12. In the opinion of this Court, no such distinguishing feature has been incorporated in the Resolution dated 05.07.2011. The same only refers to the employees of Class-III and IV working under the State Government. Clause 2 specifically confers benefit of compensation to the heirs of deceased-workman of Class-III and IV, who were working on the Work Charge establishment. Though, such benefit has been specifically denied to heirs of the Daily Wagers, casual workers, apprentice, ad-hoc and employees working on contractual basis, the same cannot be applied to the daily wagers or employees, who have been subsequently regularized and are made permanent and have also been conferred the benefits of regular revision of pay under the Statutory Pay Rules.

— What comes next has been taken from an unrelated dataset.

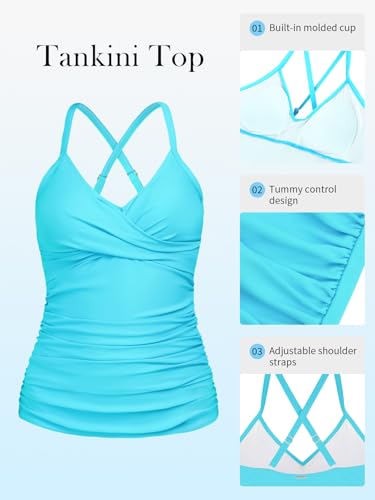 Image of RELELCIGA Women's Tankini Top V Neck Ruched Tummy Control Bathing Suit Top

Thus, such employees, who are working on Work Charge establishment, cannot be compared with the Daily wager or casual etc. Once the State Government grants the benefits of Resolution dated 17.10.1988 and as per the settled proposition of law, such Daily Wagers, after completion of certain number of years, are made permanent and regular and their pay, retirement benefits, etc are also paid as a regular employee, their status of being "permanent and regular" employees cannot be reverted to a "daily wager" after they expire resulting in the denial of the benefit of compensation to their legal heirs. In the considered opinion of this Court, once they have acquired status of regular employees working in Work Charge establishment, their heirs cannot be barred from the ambit of Resolution dated 05.07.2011 envisaging compensation, as provided therein. 13. With the afore-noted reasons and observations, the Letters Patent Appeal fails. Accordingly, the same is hereby dismissed. The order dated 11.01.2017 passed in Special Civil Application No. 16674 of 2016 by the learned Single Judge shall be complied within a period of three weeks from the date of receipt of the present order. 14. In view of the order passed in Letters Patent Appeal, Civil Application No. 2 of 2017 also does not survive and the same is hereby disposed of, accordingly.